Firefighters are battling nasty and dangerous bushfires in Victoria and South Australia, where officials warn the conditions in the Adelaide hills are as bad as the Ash Wednesday tragedy most than 30 years ago.  Dozens of homes at Sampson Flat – northeast of Adelaide – are feared to be consumed, and strong winds are pushing the blaze in all directions.  SA Premier Jay Weatherill declared the bushfires a “major emergency” and urged residents in affected areas to leave their homes, because there is no guarantee emergency services will be able to save anyone who stays behind and gets into trouble.

The situation in Victoria is very dangerous as well.  The Moyston fire has blackened some 5,000-hectares.  ABC reports around 150 firefighters were working to control the blaze with the help of water-bombing aircraft.

Indonesian officials are positive they’ve found the place on the floor of the Java Sea where AirAsia Flight QZ8501 crashed in bad weather on 28 December.  Bambang Soelistyo of Indonesia’s search and rescue agency says they’ve located “an oil spill and two big parts of the aircraft” at a depth of 30 meters.  That’s raising hopes of quickly locating and retrieving the “black box” flight data and cockpit voice recorders.  Searchers have recovered 30 bodies, two of which were still strapped to their seats;  that leaves 132 passengers and crewmembers unaccounted for. 
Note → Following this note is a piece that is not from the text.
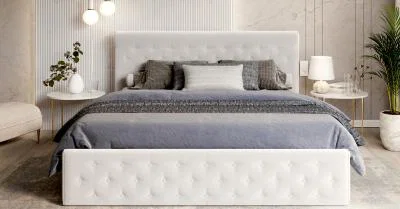 Čalouněná postel CHICAGO TRINITY 120x200 s kovovým zdvižným roštem BÍLÁ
It also turns out the AirAsia had absolutely no business flying QZ8501’s Surabaya to Singapore route on Sunday, the day the flight fell into the sea.  Indonesian authorities froze AirAsia’s permission to fly the route.  Meanwhile, Indonesia’s official weather Agency said, “The most probable weather phenomenon is that icing caused the plane engines to be damaged.”

A rust-bucket freighter has made it to the Italian port of Corigliano Calabro with some 450 immigrants, most of them refugees from the Syrian Civil War.  Rescuers had boarded the Sierra Leone-flagged vessel earlier after the crew of likely human traffickers abandoned it in the rough Mediterranean Sea.  Children and pregnant women were among the people on board the Ezadeen, a ship that until recently had been registered as a livestock carrier. 
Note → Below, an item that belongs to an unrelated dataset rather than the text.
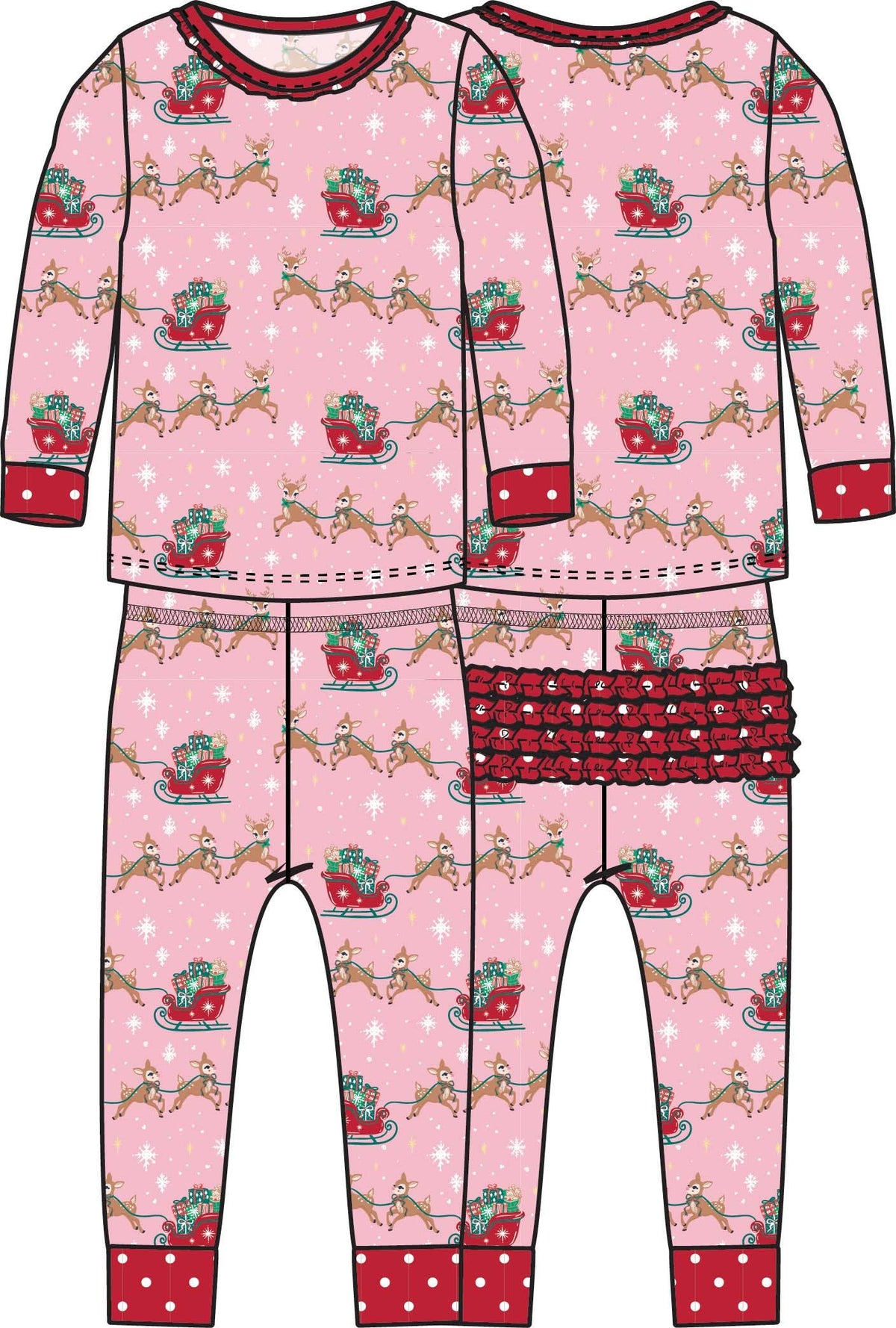 SoftSnooze™ Toddler Girls Bamboo Viscose Pink Christmas Reindeer Sleigh Ride Ruffle Long Sleeve Pajama Set with Signature Rear Ruffles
US Vice President Joe Biden came face-to-face with Venezuela’s Nicolas Maduro at the swearing in of Brazilian President Dilma Rousseff, and the two managed not to greet each other with headbutts or try a “one punch”.  Instead, the smiling leaders shook hands and expressed their desire for restored ties.  It comes two weeks after US President Barack Obama signed legislation to impose sanctions on Venezuelan officials accused of violating human rights.
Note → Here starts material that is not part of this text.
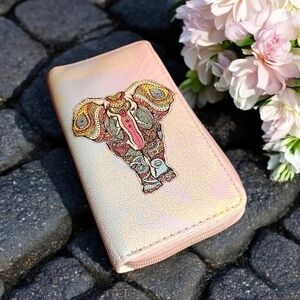 NWT Multi Color Zip Around Elephant Wallet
President Obama imposed new sanctions on North Korea in response to Pyongyang’s alleged role in hacking Sony Pictures’ servers, releasing scripts, movies, and embarrassing emails onto the Internet.  The sanctions are designed to further isolate North Korean officials and companies involved in the defense industry.  The FBI insists North Korea is behind the hack, but a chorus of Internet security firms says that is unlikely and instead blames a disgruntled Sony insider.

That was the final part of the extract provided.